Excerpts from the Account of the monetary policy meeting of the Governing Council of the European Central Bank held in Frankfurt am Main on Wednesday and Thursday, 20-21 July 2016:
New headwinds had emerged from the outcome of the UK referendum and uncertainty had risen, relating also to other geopolitical developments and the financial market situation. Yet, it was considered too early to assess with any certainty the possible implications of these headwinds for the euro area economy and, ultimately, for the inflation outlook. Therefore, it was widely felt among members that it was premature to discuss any possible monetary policy reaction at this stage. More time was needed to assess the incoming information over the coming months, although downside risks had clearly increased.
Against this background, it was widely agreed that the immediate policy focus should remain on implementing the comprehensive set of policy measures decided in early March and on preserving an appropriate degree of monetary accommodation in order to secure a return of inflation rates towards levels below, but close to, 2% without undue delay.
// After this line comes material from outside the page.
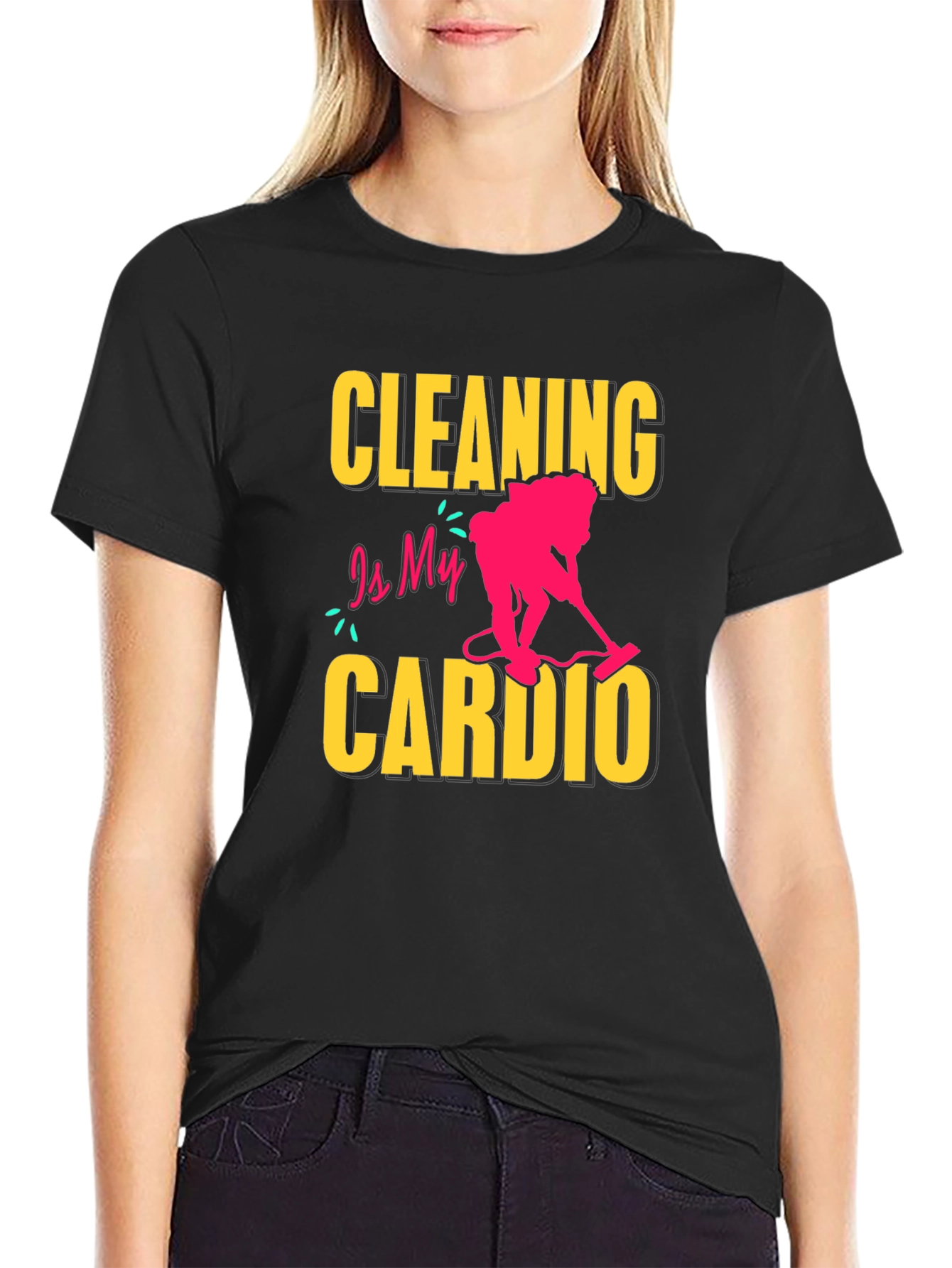 Black Cleaning is My Cardio T-Shirt - Funny Housekeeping Tee view 2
There was solid evidence that the policy measures that had been adopted were effective and were working their way through to the broader economy over time. Their impact was visible in improved financial conditions, lower bank lending rates and strengthened credit creation, which all helped to raise both growth and inflation in the euro area, although inflation continued to be significantly below the Governing Council’s policy aim.
At the same time, the uncertain environment called for the continued very close monitoring of economic and financial market developments. In this context, it was seen as important to closely monitor the transmission process of the policy measures, which had worked well so far, to ensure that the pass-through of the accommodative monetary policy stance to the real economy was not jeopardised, taking into account risks to bank-based transmission and implications for the cost of borrowing and the availability of credit.
Overall, the view was widely shared that the Governing Council needed to reiterate its capacity and readiness to act, if warranted, to achieve its objective, using all the instruments available within its mandate, while not fostering undue expectations about the future course of monetary policy. In the current environment of heightened uncertainty, a still high level of economic slack and weak wage and price pressures, future discussions were called for regarding wage trends, inflation expectations, the medium-term orientation of monetary policy and the time horizon over which a very accommodative monetary policy stance would remain warranted.